= Beginning of Section =

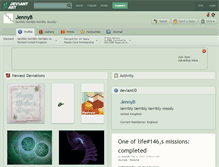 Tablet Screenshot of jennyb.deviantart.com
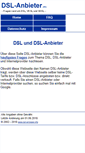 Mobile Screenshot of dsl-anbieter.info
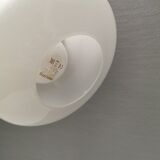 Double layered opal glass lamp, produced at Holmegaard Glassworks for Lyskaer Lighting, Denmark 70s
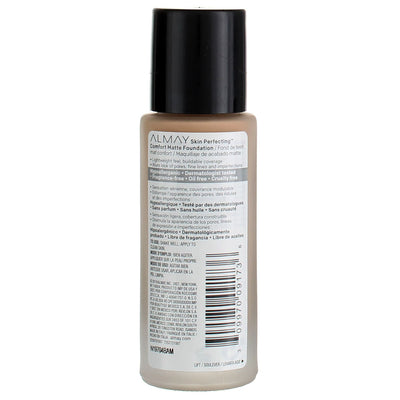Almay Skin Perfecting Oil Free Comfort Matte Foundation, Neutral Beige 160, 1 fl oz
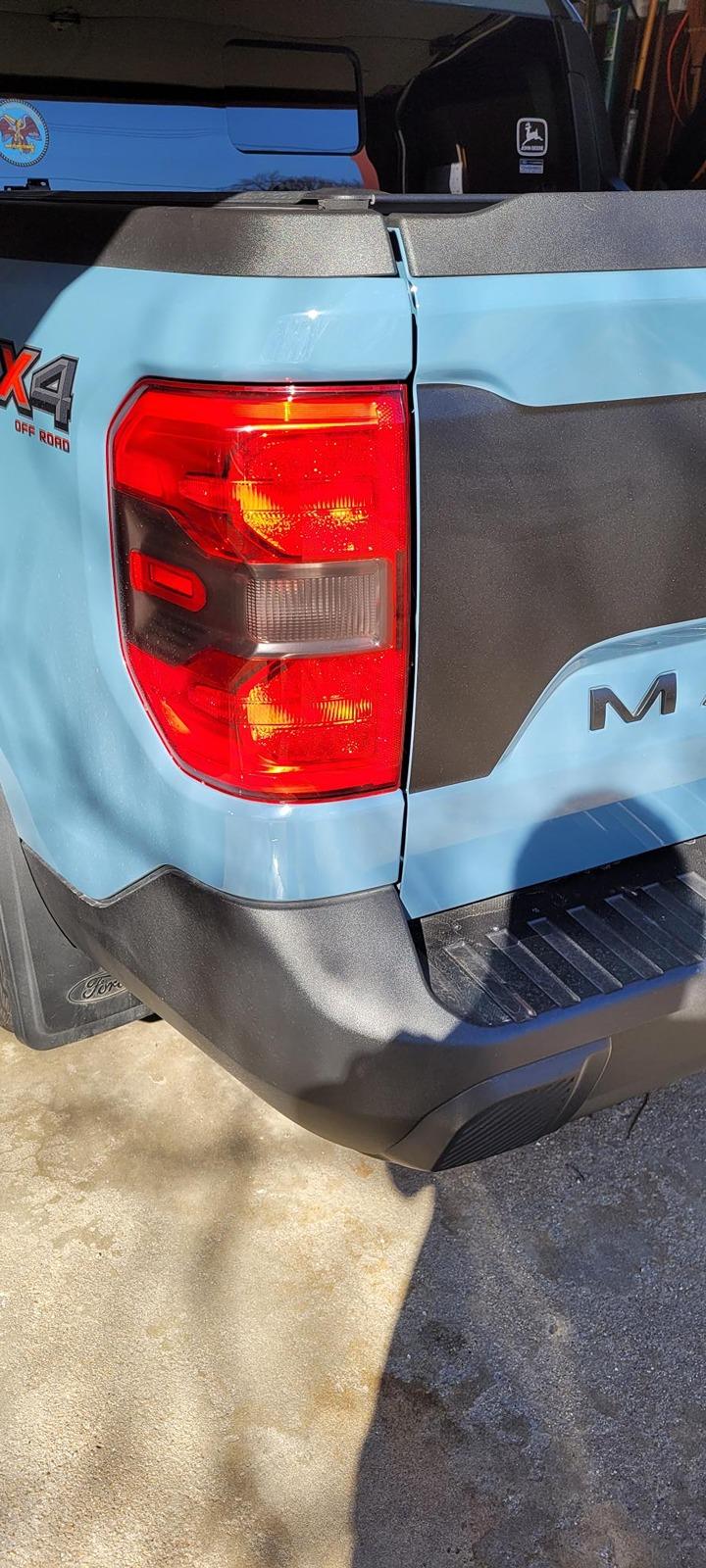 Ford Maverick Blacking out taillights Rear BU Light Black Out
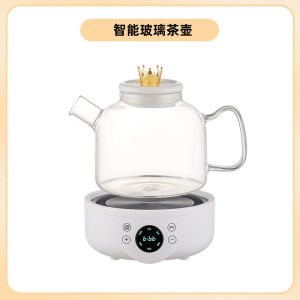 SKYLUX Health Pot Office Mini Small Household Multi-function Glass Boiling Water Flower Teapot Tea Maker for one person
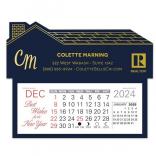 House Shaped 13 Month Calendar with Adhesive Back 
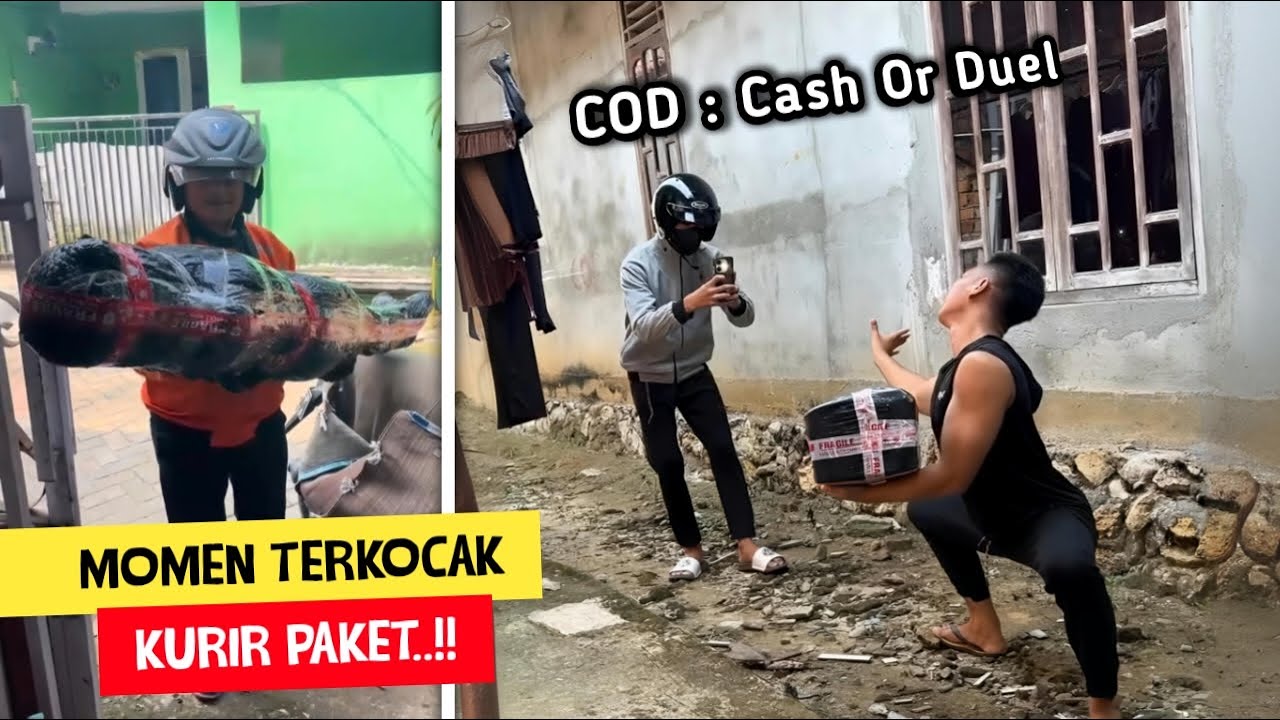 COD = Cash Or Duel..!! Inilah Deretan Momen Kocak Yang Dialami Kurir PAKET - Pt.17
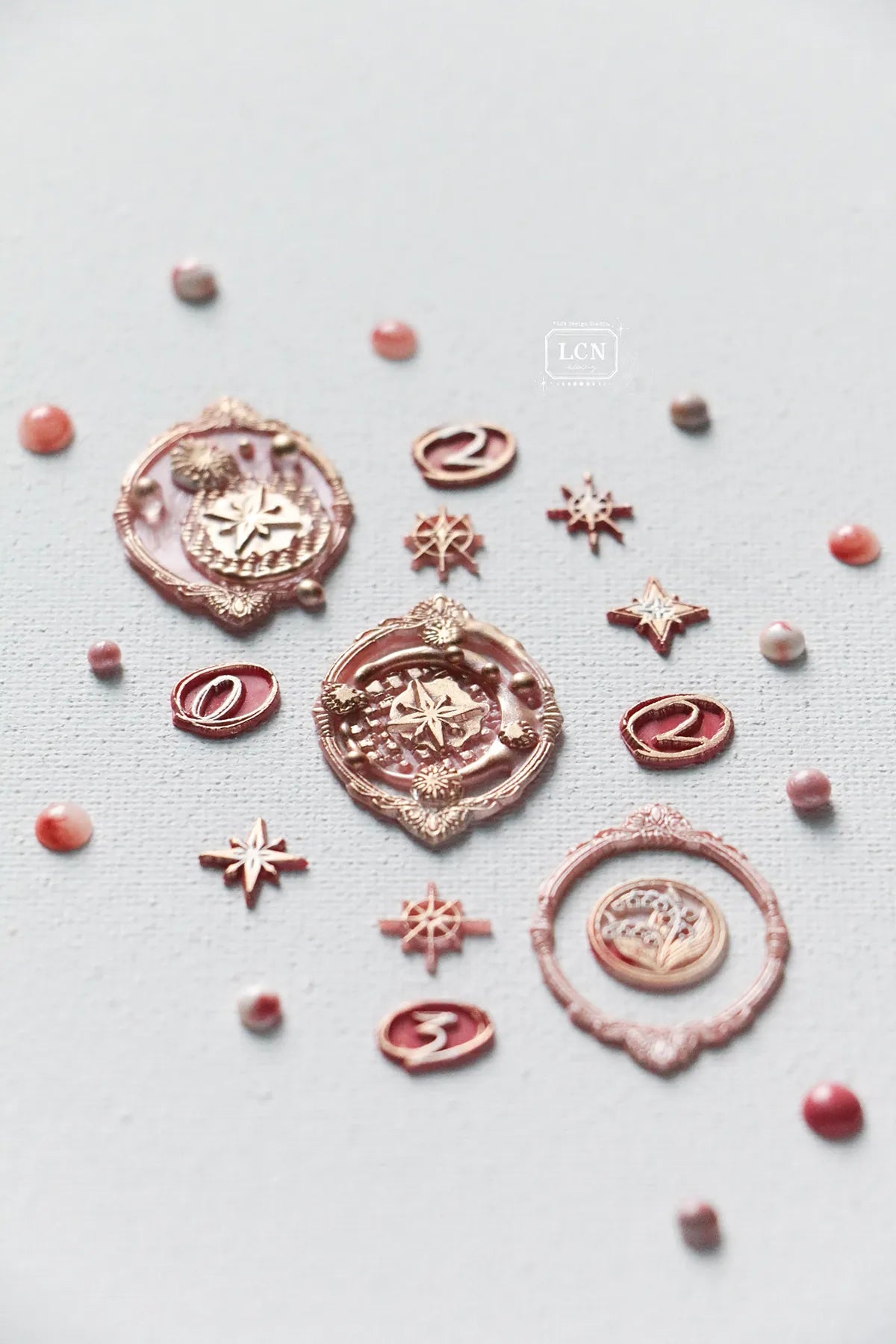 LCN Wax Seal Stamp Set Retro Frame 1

= End of Section =
= Beginning of Section =

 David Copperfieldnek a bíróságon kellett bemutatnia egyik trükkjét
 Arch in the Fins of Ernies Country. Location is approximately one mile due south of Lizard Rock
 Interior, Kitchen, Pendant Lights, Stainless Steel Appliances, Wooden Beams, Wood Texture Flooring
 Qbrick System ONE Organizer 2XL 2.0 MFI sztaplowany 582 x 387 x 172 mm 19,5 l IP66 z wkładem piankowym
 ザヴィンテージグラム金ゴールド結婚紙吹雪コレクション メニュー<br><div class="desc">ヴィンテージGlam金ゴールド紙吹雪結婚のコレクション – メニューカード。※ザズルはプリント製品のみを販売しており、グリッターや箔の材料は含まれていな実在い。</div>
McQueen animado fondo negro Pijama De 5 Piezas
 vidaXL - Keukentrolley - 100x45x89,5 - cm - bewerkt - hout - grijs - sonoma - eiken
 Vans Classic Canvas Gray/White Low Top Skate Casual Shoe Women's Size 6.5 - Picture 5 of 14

= End of Section =

Print from the line containing "Double layered opal" through the line containing "LCN Wax Seal Stamp Set Retro Frame 1" in the data above, exactly as the lines stand, and omit every picture.

RESPONSE BOX —
 Double layered opal glass lamp, produced at Holmegaard Glassworks for Lyskaer Lighting, Denmark 70s
Almay Skin Perfecting Oil Free Comfort Matte Foundation, Neutral Beige 160, 1 fl oz
 Ford Maverick Blacking out taillights Rear BU Light Black Out
 SKYLUX Health Pot Office Mini Small Household Multi-function Glass Boiling Water Flower Teapot Tea Maker for one person
 House Shaped 13 Month Calendar with Adhesive Back 
 COD = Cash Or Duel..!! Inilah Deretan Momen Kocak Yang Dialami Kurir PAKET - Pt.17
 LCN Wax Seal Stamp Set Retro Frame 1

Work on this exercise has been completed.